(Short text fragments from websites)
__________
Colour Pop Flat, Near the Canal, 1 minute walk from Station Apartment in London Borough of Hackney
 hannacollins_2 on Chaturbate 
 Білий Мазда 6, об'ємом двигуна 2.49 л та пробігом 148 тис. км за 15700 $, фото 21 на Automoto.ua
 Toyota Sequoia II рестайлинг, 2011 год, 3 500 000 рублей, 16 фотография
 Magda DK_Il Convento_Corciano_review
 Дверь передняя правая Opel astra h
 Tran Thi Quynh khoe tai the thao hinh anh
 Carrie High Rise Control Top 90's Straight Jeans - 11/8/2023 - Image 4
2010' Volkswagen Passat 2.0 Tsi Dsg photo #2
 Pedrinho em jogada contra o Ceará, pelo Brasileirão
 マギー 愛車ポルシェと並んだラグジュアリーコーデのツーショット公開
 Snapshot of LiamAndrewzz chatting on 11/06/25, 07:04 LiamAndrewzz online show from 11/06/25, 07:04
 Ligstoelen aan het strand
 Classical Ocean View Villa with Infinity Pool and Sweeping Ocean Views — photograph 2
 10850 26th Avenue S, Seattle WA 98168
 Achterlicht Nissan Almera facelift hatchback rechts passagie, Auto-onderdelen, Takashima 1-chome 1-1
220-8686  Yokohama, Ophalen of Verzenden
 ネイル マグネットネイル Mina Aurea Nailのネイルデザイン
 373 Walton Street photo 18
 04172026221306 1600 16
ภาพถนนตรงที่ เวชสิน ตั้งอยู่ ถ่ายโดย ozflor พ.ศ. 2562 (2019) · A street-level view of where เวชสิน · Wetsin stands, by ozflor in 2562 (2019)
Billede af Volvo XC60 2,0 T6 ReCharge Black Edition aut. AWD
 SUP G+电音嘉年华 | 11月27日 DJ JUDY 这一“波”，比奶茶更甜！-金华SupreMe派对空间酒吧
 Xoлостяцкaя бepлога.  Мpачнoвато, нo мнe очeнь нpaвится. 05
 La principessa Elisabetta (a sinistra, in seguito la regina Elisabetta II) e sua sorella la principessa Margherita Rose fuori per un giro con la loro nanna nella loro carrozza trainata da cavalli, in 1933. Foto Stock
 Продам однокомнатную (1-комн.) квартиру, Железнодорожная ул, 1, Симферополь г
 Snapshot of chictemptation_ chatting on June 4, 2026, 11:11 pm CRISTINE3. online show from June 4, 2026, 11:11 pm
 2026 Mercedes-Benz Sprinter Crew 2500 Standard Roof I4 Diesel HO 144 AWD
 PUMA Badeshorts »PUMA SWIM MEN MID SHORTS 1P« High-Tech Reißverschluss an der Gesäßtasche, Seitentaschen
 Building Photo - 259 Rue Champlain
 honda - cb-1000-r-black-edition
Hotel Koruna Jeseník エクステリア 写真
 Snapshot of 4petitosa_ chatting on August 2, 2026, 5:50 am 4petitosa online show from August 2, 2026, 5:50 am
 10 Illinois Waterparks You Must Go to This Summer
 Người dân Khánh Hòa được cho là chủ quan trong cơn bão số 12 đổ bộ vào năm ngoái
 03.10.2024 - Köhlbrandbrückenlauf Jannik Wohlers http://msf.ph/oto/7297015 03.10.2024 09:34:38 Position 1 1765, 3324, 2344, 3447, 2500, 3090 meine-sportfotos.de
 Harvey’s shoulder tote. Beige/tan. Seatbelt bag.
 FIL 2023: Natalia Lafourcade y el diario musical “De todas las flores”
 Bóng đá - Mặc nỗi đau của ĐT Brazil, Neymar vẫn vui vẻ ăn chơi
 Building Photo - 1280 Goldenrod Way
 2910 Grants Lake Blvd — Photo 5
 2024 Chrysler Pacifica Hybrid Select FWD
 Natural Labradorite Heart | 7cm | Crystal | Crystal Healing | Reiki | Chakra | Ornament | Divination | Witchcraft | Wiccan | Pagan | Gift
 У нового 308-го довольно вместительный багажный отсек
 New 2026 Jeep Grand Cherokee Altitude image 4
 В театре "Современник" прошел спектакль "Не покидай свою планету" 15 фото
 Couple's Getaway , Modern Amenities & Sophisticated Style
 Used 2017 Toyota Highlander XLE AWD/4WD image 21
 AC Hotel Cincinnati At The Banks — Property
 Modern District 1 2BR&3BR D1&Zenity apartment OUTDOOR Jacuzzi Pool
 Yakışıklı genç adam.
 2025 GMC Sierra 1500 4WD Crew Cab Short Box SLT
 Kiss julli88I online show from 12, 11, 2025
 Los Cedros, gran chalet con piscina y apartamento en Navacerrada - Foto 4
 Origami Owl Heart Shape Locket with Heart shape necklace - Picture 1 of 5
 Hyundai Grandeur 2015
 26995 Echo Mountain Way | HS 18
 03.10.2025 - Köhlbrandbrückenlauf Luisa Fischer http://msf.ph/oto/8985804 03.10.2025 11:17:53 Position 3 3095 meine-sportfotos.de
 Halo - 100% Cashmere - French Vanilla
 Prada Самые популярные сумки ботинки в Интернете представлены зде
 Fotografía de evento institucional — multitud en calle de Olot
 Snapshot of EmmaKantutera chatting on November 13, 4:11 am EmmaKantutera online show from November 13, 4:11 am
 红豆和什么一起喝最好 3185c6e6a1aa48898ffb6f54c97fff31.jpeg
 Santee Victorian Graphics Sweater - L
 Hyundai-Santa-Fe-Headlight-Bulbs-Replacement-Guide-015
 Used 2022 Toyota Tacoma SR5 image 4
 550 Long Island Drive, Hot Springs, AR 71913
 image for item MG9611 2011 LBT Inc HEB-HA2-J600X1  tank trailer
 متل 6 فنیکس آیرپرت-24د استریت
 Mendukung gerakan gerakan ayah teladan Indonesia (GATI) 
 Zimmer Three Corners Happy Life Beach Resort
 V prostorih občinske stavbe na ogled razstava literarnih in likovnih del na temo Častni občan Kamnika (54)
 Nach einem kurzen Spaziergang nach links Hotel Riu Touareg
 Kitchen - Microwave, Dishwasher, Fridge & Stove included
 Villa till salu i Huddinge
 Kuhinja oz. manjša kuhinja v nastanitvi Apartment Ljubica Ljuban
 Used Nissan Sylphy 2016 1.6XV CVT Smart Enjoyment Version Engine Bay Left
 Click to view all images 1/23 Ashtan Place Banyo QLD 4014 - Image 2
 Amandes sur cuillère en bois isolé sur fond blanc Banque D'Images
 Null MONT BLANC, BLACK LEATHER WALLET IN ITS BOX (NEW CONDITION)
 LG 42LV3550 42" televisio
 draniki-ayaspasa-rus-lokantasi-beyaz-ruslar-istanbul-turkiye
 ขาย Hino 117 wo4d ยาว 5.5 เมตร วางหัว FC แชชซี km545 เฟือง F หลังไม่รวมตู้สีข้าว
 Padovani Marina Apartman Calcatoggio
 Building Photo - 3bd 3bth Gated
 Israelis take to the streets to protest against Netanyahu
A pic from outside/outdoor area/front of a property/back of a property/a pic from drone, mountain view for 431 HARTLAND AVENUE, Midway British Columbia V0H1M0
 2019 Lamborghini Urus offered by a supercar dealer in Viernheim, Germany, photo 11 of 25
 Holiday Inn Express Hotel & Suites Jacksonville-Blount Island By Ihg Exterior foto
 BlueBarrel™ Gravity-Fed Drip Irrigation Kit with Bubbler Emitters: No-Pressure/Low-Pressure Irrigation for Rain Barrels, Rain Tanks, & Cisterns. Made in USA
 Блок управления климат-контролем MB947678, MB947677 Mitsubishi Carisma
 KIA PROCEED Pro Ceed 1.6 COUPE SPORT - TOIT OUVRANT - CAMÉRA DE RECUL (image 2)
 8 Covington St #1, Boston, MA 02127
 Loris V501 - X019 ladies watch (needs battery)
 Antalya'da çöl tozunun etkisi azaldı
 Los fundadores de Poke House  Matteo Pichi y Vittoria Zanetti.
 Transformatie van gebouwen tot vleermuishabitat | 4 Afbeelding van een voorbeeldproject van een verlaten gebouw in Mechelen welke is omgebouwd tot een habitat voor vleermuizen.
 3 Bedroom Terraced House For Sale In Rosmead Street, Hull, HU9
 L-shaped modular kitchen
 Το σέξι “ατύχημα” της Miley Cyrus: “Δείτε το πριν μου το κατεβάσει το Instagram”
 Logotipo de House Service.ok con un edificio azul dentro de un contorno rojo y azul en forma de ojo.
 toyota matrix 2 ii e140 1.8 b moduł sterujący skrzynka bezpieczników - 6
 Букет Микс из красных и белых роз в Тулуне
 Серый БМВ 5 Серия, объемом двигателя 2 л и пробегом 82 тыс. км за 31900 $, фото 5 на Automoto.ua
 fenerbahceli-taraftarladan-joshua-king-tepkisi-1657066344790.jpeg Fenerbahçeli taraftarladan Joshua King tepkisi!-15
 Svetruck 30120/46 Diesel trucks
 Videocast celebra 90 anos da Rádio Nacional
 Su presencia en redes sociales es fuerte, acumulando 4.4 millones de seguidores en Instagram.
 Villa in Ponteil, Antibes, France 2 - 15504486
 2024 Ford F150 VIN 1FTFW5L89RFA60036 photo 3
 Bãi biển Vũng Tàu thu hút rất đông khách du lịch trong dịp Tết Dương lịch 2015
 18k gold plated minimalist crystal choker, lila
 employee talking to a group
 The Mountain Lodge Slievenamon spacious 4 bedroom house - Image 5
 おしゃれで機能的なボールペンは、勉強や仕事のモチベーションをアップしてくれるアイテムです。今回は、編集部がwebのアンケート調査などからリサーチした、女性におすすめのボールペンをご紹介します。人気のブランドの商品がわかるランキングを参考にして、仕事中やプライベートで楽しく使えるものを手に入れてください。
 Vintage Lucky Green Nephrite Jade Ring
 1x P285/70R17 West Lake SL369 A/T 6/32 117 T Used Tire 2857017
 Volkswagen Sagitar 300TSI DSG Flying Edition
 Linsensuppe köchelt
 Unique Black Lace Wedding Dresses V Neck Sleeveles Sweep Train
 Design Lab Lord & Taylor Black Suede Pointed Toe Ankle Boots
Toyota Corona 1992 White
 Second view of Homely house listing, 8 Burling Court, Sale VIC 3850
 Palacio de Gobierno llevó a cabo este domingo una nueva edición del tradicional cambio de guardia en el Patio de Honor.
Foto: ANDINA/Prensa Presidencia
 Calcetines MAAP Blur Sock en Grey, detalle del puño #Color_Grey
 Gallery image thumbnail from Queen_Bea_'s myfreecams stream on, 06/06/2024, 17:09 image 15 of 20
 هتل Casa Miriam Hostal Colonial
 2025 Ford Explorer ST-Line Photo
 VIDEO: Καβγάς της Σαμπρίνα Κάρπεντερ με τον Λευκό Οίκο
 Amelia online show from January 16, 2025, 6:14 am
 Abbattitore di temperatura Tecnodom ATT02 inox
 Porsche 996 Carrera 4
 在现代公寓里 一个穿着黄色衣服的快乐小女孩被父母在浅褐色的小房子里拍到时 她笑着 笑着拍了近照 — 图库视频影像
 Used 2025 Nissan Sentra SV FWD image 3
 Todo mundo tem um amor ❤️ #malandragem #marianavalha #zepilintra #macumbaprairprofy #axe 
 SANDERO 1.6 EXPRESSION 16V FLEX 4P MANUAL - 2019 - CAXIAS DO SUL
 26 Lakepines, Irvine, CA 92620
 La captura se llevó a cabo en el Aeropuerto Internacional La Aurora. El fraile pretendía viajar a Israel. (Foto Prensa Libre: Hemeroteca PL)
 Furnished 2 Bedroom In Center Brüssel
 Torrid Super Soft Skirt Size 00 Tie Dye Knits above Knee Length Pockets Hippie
__________
> [WORK TO COMPLETE]: Go through the data above from its first line and copy each line exactly, stopping once the line with "10 Illinois Waterparks" has been copied.

> [ANSWER BOX]:
Colour Pop Flat, Near the Canal, 1 minute walk from Station Apartment in London Borough of Hackney
 hannacollins_2 on Chaturbate 
 Білий Мазда 6, об'ємом двигуна 2.49 л та пробігом 148 тис. км за 15700 $, фото 21 на Automoto.ua
 Toyota Sequoia II рестайлинг, 2011 год, 3 500 000 рублей, 16 фотография
 Magda DK_Il Convento_Corciano_review
 Дверь передняя правая Opel astra h
 Tran Thi Quynh khoe tai the thao hinh anh
 Carrie High Rise Control Top 90's Straight Jeans - 11/8/2023 - Image 4
2010' Volkswagen Passat 2.0 Tsi Dsg photo #2
 Pedrinho em jogada contra o Ceará, pelo Brasileirão
 マギー 愛車ポルシェと並んだラグジュアリーコーデのツーショット公開
 Snapshot of LiamAndrewzz chatting on 11/06/25, 07:04 LiamAndrewzz online show from 11/06/25, 07:04
 Ligstoelen aan het strand
 Classical Ocean View Villa with Infinity Pool and Sweeping Ocean Views — photograph 2
 10850 26th Avenue S, Seattle WA 98168
 Achterlicht Nissan Almera facelift hatchback rechts passagie, Auto-onderdelen, Takashima 1-chome 1-1
220-8686  Yokohama, Ophalen of Verzenden
 ネイル マグネットネイル Mina Aurea Nailのネイルデザイン
 373 Walton Street photo 18
 04172026221306 1600 16
ภาพถนนตรงที่ เวชสิน ตั้งอยู่ ถ่ายโดย ozflor พ.ศ. 2562 (2019) · A street-level view of where เวชสิน · Wetsin stands, by ozflor in 2562 (2019)
Billede af Volvo XC60 2,0 T6 ReCharge Black Edition aut. AWD
 SUP G+电音嘉年华 | 11月27日 DJ JUDY 这一“波”，比奶茶更甜！-金华SupreMe派对空间酒吧
 Xoлостяцкaя бepлога.  Мpачнoвато, нo мнe очeнь нpaвится. 05
 La principessa Elisabetta (a sinistra, in seguito la regina Elisabetta II) e sua sorella la principessa Margherita Rose fuori per un giro con la loro nanna nella loro carrozza trainata da cavalli, in 1933. Foto Stock
 Продам однокомнатную (1-комн.) квартиру, Железнодорожная ул, 1, Симферополь г
 Snapshot of chictemptation_ chatting on June 4, 2026, 11:11 pm CRISTINE3. online show from June 4, 2026, 11:11 pm
 2026 Mercedes-Benz Sprinter Crew 2500 Standard Roof I4 Diesel HO 144 AWD
 PUMA Badeshorts »PUMA SWIM MEN MID SHORTS 1P« High-Tech Reißverschluss an der Gesäßtasche, Seitentaschen
 Building Photo - 259 Rue Champlain
 honda - cb-1000-r-black-edition
Hotel Koruna Jeseník エクステリア 写真
 Snapshot of 4petitosa_ chatting on August 2, 2026, 5:50 am 4petitosa online show from August 2, 2026, 5:50 am
 10 Illinois Waterparks You Must Go to This Summer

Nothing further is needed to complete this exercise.